Software composition analysis (SCA) is the analysis of your project or product’s source code to identify the component structure of the software, also known as its dependency graph. As discussed, components may be standalone components or they may be code snippets. The code of a component may be owned by you or by a third party, then called third-party code. Open source code is the most prominent example of third-party code.
The main motivation for software composition analysis, originally, was to ensure license compliance. Any third-party code is legally separate code that comes with its own licenses. You need to comply with these licenses when you are delivering your projects to clients and your products to customers.
Legally separate does not necessarily mean technically separate.
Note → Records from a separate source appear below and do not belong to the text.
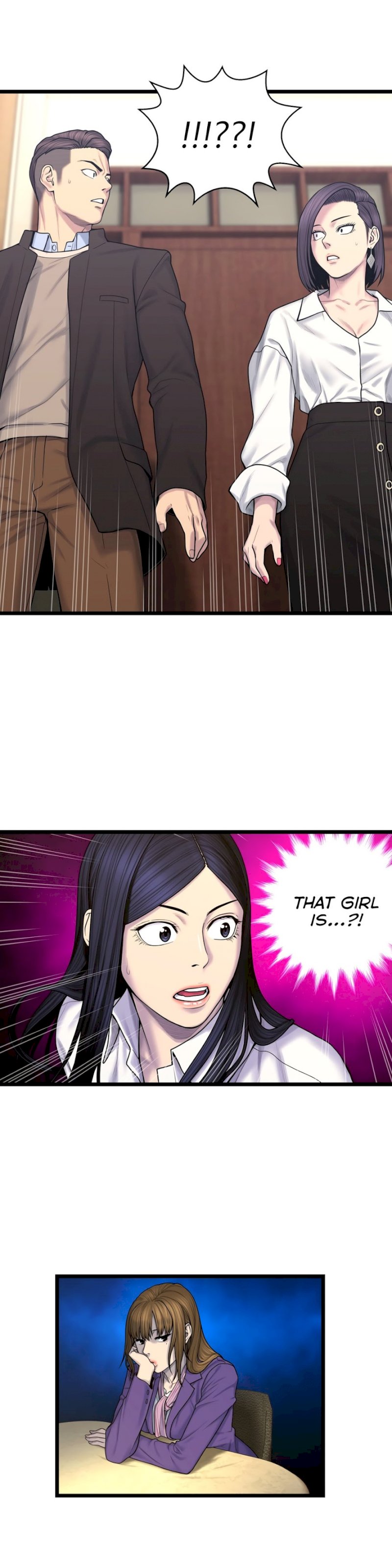 Ghost Love chapter 60 page 7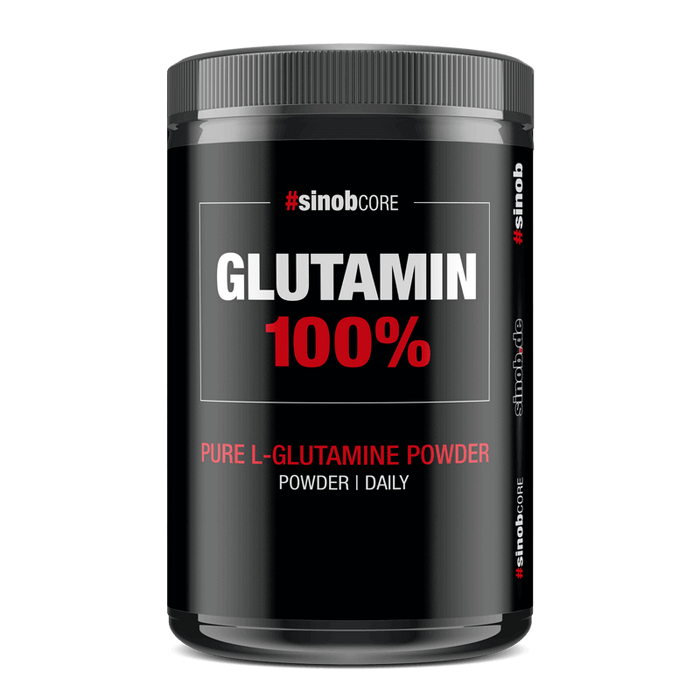 Core L-Glutamin · 500g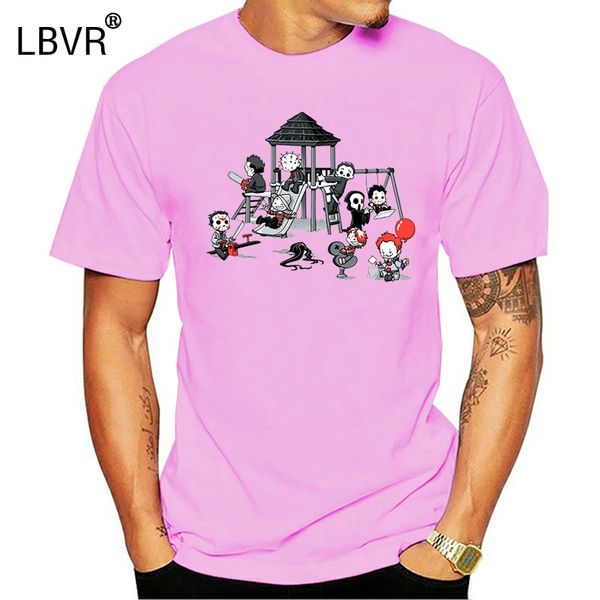 men's t shirt maniac park horror movie theme park jason clown saw halloween american horror story male t-shirt female top
men's t shirt maniac park horror movie theme park jason clown saw halloween american horror story male t-shirt female top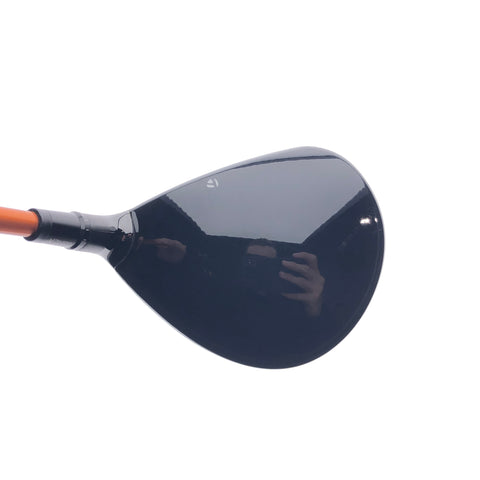 Used TaylorMade Qi10 Tour 3 Wood / 15 Degrees / Tour AD DI-7 X-Stiff Flex Shaft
Most notably, source code snippets that have been copied into your source code or into your dependencies are legally separate code components, even though they are embedded in your or third-party code. You still need to identify these snippets, even in your dependencies, if you want to deliver a license-compliant software.
Software composition analysis is typically performed using specialized tools. These tools read through the whole source code base of the software and try to identify any third-party code. A SCA tool needs access to the full source code, so in addition to providing your original code, you also have to either download the dependencies yourself or you have to direct the tool how to do so.
Examples of open source SCA tools are FOSSology, a complete solution, and ScanCode, a focused scanning tool to be embedded into a larger custom tool chain. In addition, there are many commercial tools on the market.
To a SCA tool, the software consists of a hierarchical folder structure with files and code snippets in files. Source code outside this folder structure is not considered. A SCA tool does not and should not make assumptions about the folder structure mapping to the dependency graph in a particular way. As the result of a software composition analysis, you will be presented with the folder, file, and snippet structure rather than the dependency graph. An export of this information in software bill of materials (SBOM) form will provide a flat list (rather than a graph).
Software composition analysis is not a fully automatic process. Existing SCA tools will analyze the source code and present their findings to their users for sign-off. The key findings presented to users are:
- Component identification. For a given software component, a SCA tool will suggest a specific origin component, ideally using a unique component identifier like a package URL (PURL).
For a given code snippet, a SCA tool will also suggest the origin component and to this add the location of the source code within the component that the snippet may have been copied from.
- Legal information. Originally designed for license compliance, SCA tools will try to determine the component’s legal information: Which licenses, which copyright holders, any other notices that a user needs to know about.
- Vulnerabilities. More recently, SCA tools started adding known vulnerabilities information, though often this is considered a follow-on step in a tool chain and not part of software composition analysis.
In addition to source code analysis, binary analysis tools let you analyze the software composition of binary files. Binary files can be found anywhere: They might be hiding in a source code folder or be part of a container image. Like source code, they need to be found, identified, and analyzed.